Ela também representa a sociedade civil na Associação Brasileira de Avaliação de Impactos Ambientais, atua no projeto Manuelzão, vinculado à Universidade Federal de Minas Gerais (UFMG), e é integrante do Subcomitê de Bacia Hidrográfica do Ribeirão Onça, vinculado ao Comitê do Rio das Velhas.
Confira a entrevista completa:
Brasil de Fato MG – Qual é o atual cenário ambiental do Brasil?
Carla Wstane – O cenário ambiental hoje no Brasil está cheio de contradições. Nós entendemos a nossa potencialidade mundial, enquanto um país rico em diversidade socioambiental, fortalecendo esse ponto de vista como anfitriões da COP 30. Simultaneamente, vivemos os efeitos das emergências climáticas na pele, como é o caso das enchentes no Rio Grande do Sul, das quais nós ainda nem nos recuperamos.

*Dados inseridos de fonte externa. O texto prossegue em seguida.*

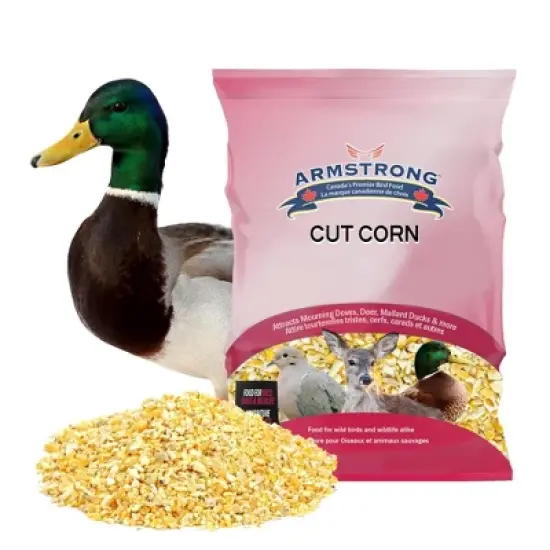 Armstrong Wild Bird Food Cut Corn image {5}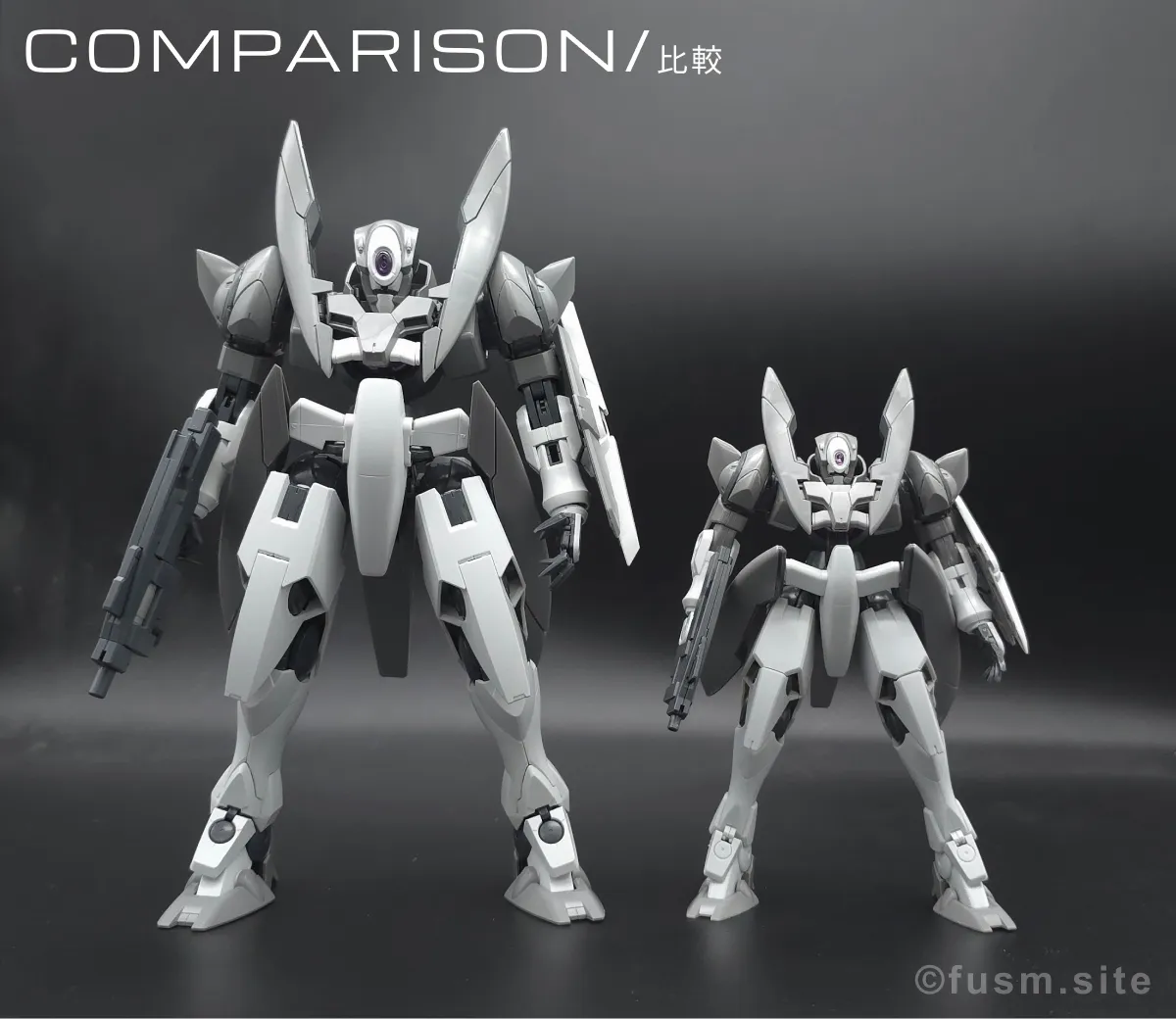 MG GN-X(ジンクス) レビュー 比較 01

Vivenciamos ainda uma tentativa de desmonte do licenciamento ambiental no país, por meio do PL 2159, que estamos chamando de PL da devastação. Além disso tudo, temos o fantasma da exploração de petróleo e de minério no Rio Amazonas, em plena urgência de mudar a nossa matriz energética.
São muitos pontos contraditórios.Empresas que destroem o meio ambiente, acusadas de crimes ambientais, estão patrocinando a cobertura da COP 30, por exemplo.
O cenário que se apresenta é, cada vez mais, de um cerco. A atuação institucional, do governo e das empresas, parece vender uma ideia, mas age de forma contrária ao enfrentamento à emergência climática.
Tudo isso é muito problemático e o cidadão precisa se inteirar sobre o que está acontecendo, porque o que se apresenta são “boiadas passando”.
No Instituto Guaicuy, estamos na rede de parceiros pela integridade da informação sobre a mudança do clima. Nós vemos a dificuldade que tem sido combater essas narrativas, as fake news, e, ao mesmo tempo, defender nossas serras, águas e florestas. Então, vejo muitas contradições e, ao mesmo tempo, muita coisa para ser feita. Há uma grande importância em nos voltarmos para nossas potencialidades, para nosso cuidado, e para a atenção com o meio ambiente.
E em Minas Gerais, como você caracteriza o atual contexto?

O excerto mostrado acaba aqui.